The Boy's favourite cookies.

These are the cookies that are the way to The Boy’s heart. Every time that I make them for him he gets this far away look in his eyes and lights up like he’s just spotted a litter of kittens.

That’s good, by the way.

This recipe is basically a riff on the Condensed milk chocolate chip cookie recipe I have posted previously. I substitute a few tablespoons of the flour for dutch process cocoa, use chunks instead of chips of chocolate and add a sprinkling of sea salt. It all works.

I shall repeat the recipe with the tweaks in its entirety right here for you though. It will save lots of jumping about – although that may help you to deal with the calories…

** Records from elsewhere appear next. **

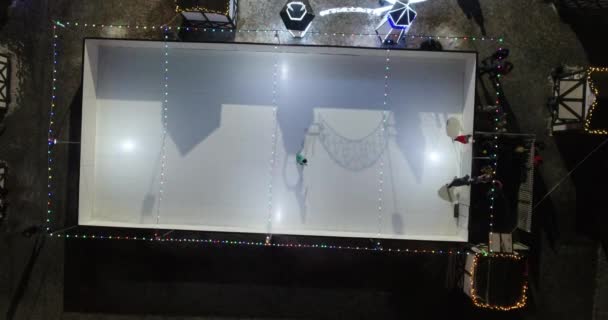 Αεροφωτογραφία του παγοδρόμιο στην πόλη το βράδυ στις διακοπές της Πρωτοχρονιάς — Αρχείο Βίντεο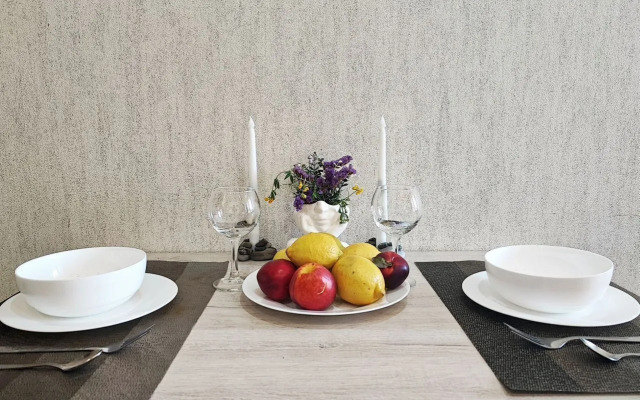 V Tsentralnom Sochi s Bolshoy Lodzhiey Flat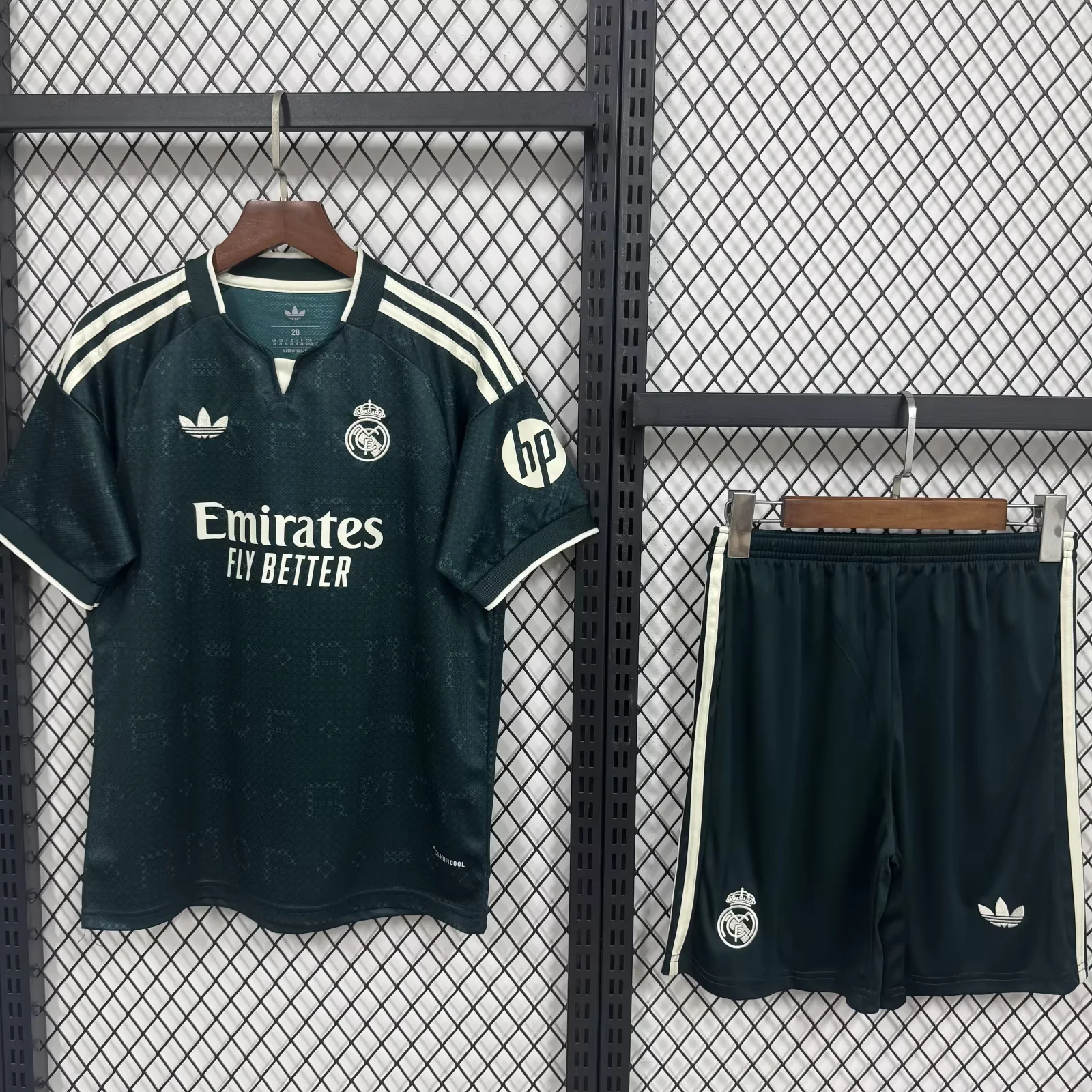 Kids 2026/27 Real Madrid Away Green Kids/Youth Soccer Uniform-522/123/BL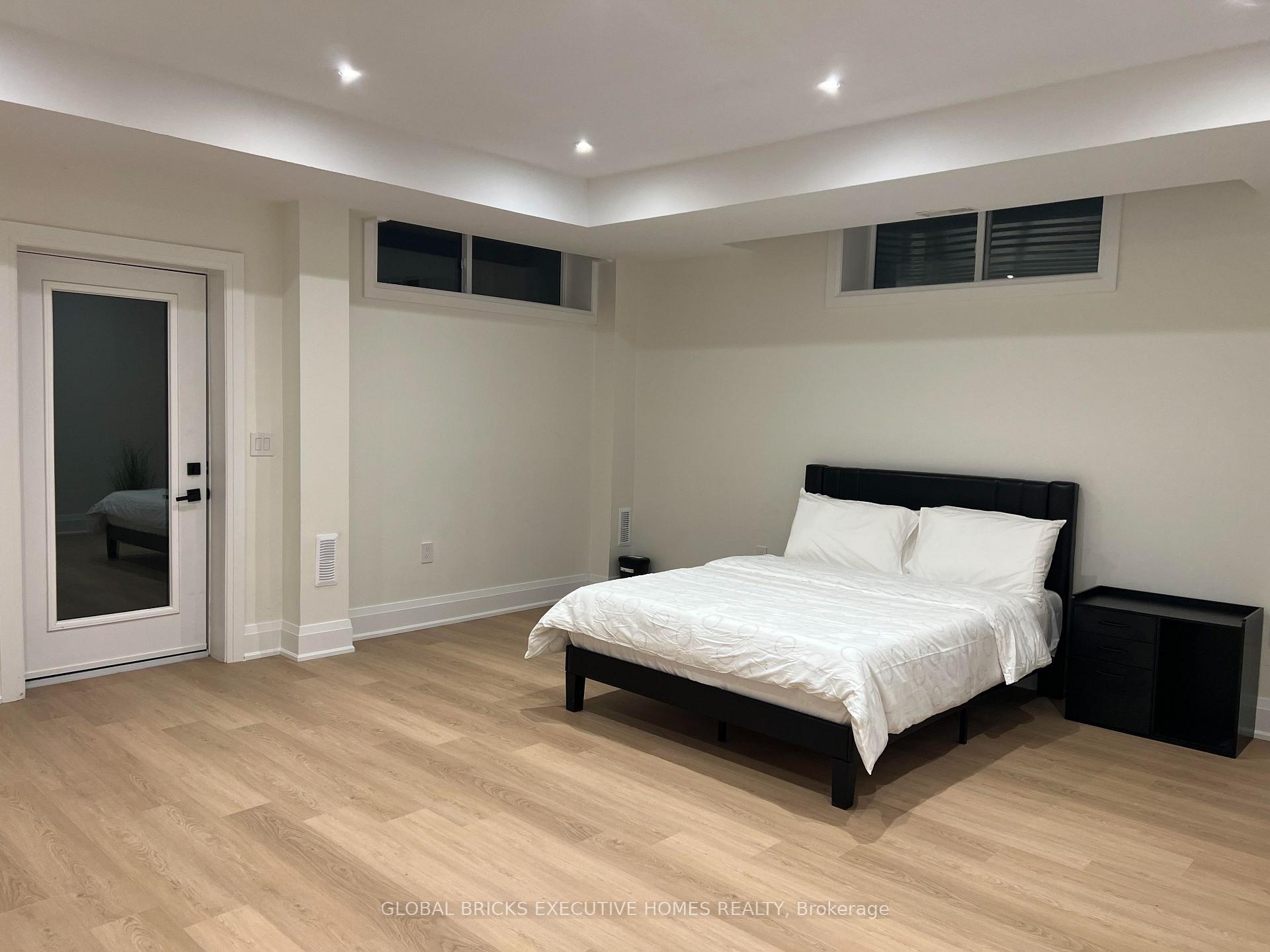 Photo 26 of 25A Pine Avenue N, Mississauga, Port Credit — HOMEH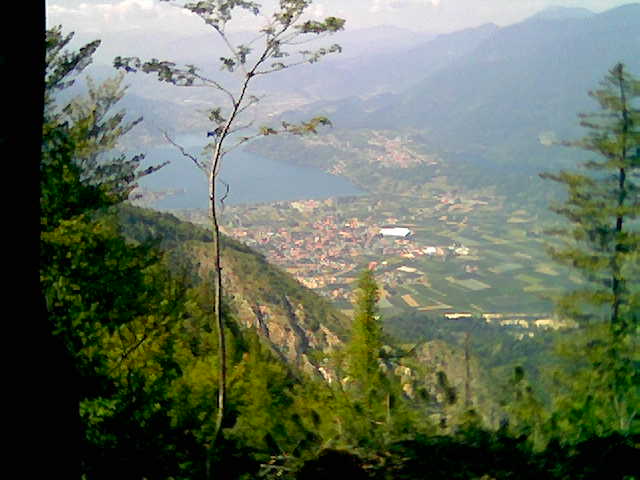 Foto: Wolfgang Lauschensky / Klettersteigtour / Ferrata Clemente Chiesa della Val Scura und Monte Cimone 1555m / Lago di Caldonazzo / 18.07.2012 18:36:57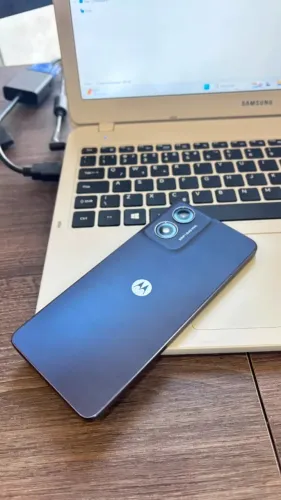 Motorola Moto G04s - Azul
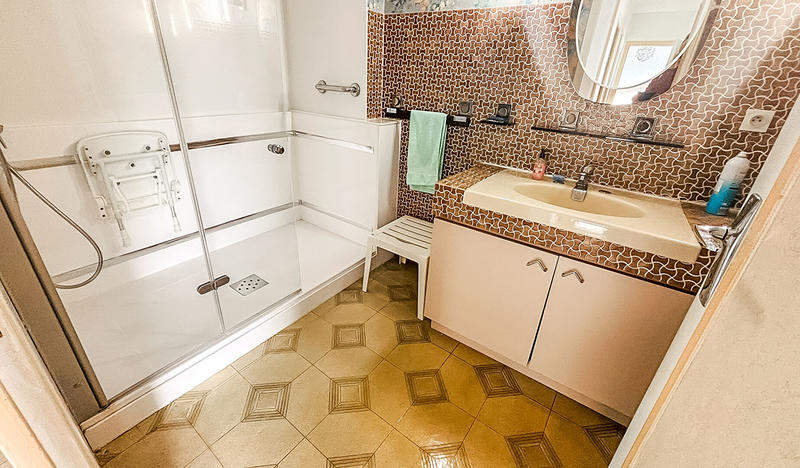 Appartement - 101 m² - 4 pièces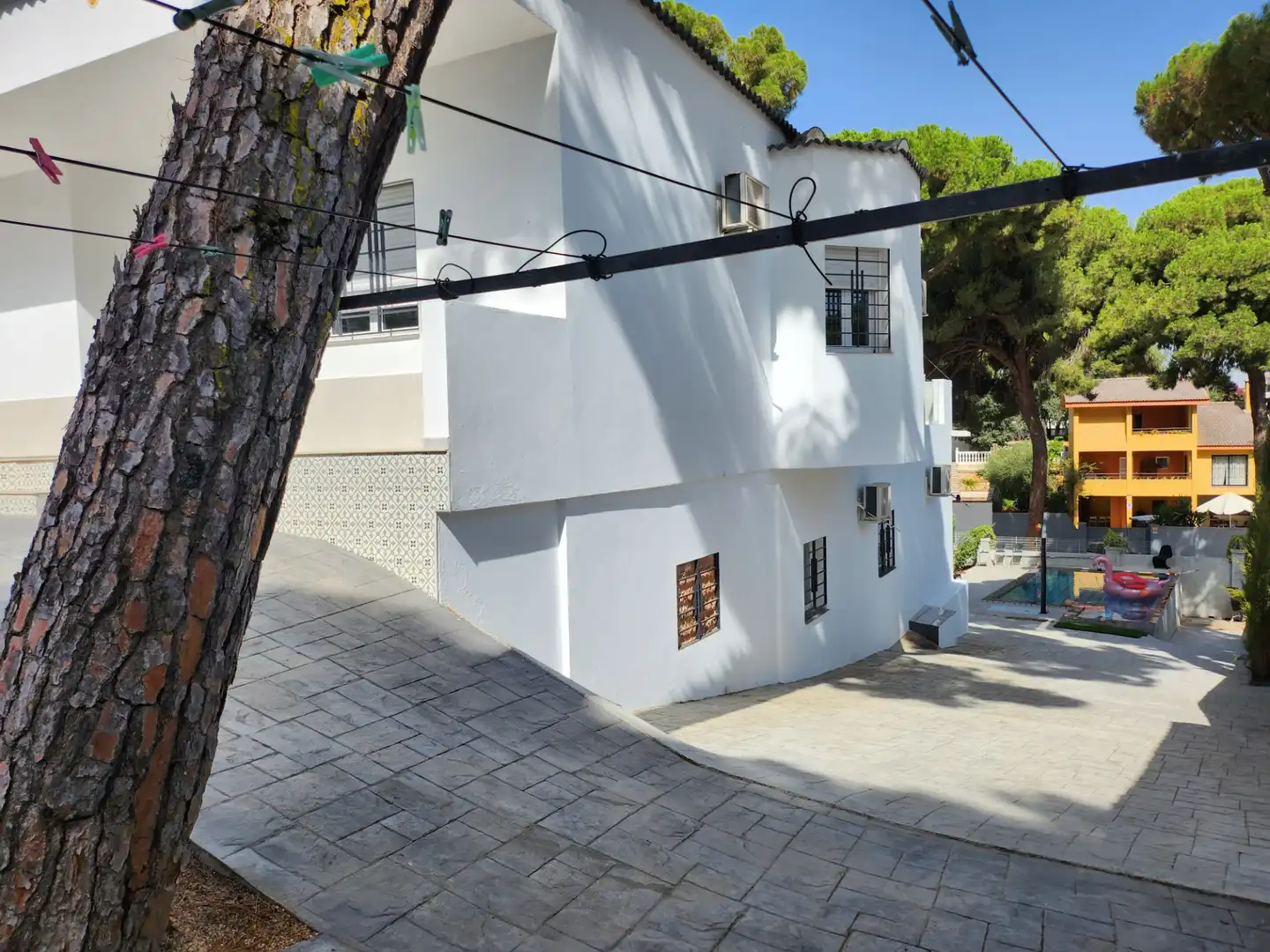 Vista exterior de Casa o chalet en venta en Alcalá de Guadaira con Aire acondicionado, Calefacción y Jardín privado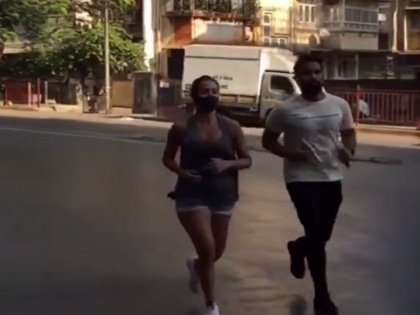 Malaika Arora Spotted Jogging On The Streets Of Bandra | मुंबईच्या रस्त्यावरून चक्क धावताना दिसली ही अभिनेत्री, कोणीच ओळखले नाही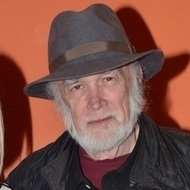 Charles Webb (1939 - 2020) (小说家)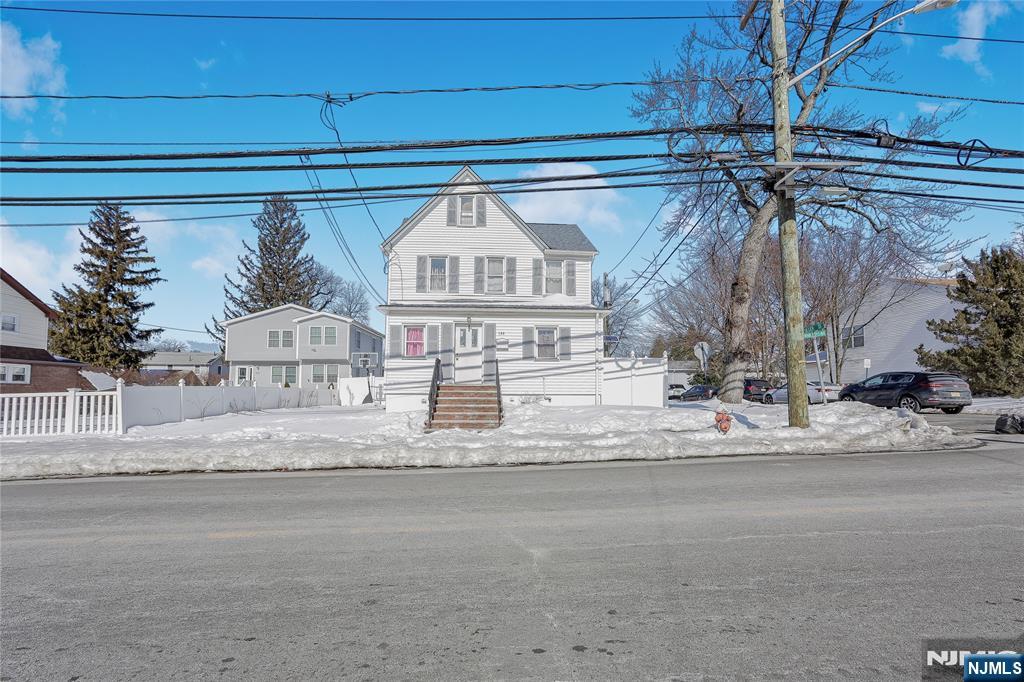 144 New Milford Ave, Dumont, NJ 07628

It begins with creaming softened butter and caster sugar.

Cream butter and sugar.

Cream butter and sugar.

Then you whip in the condensed milk until combined.

Condensed milk joins the mix.

Condensed milk joins the mix.

Measure out your plain flour, add the cocoa ( I use Dutch process, but you don’t have to) and sift together with the baking powder.

Sift together the flour, cocoa and baking powder.

Sift together the flour, cocoa and baking powder.

Add the lot to your butter mixture and stir well.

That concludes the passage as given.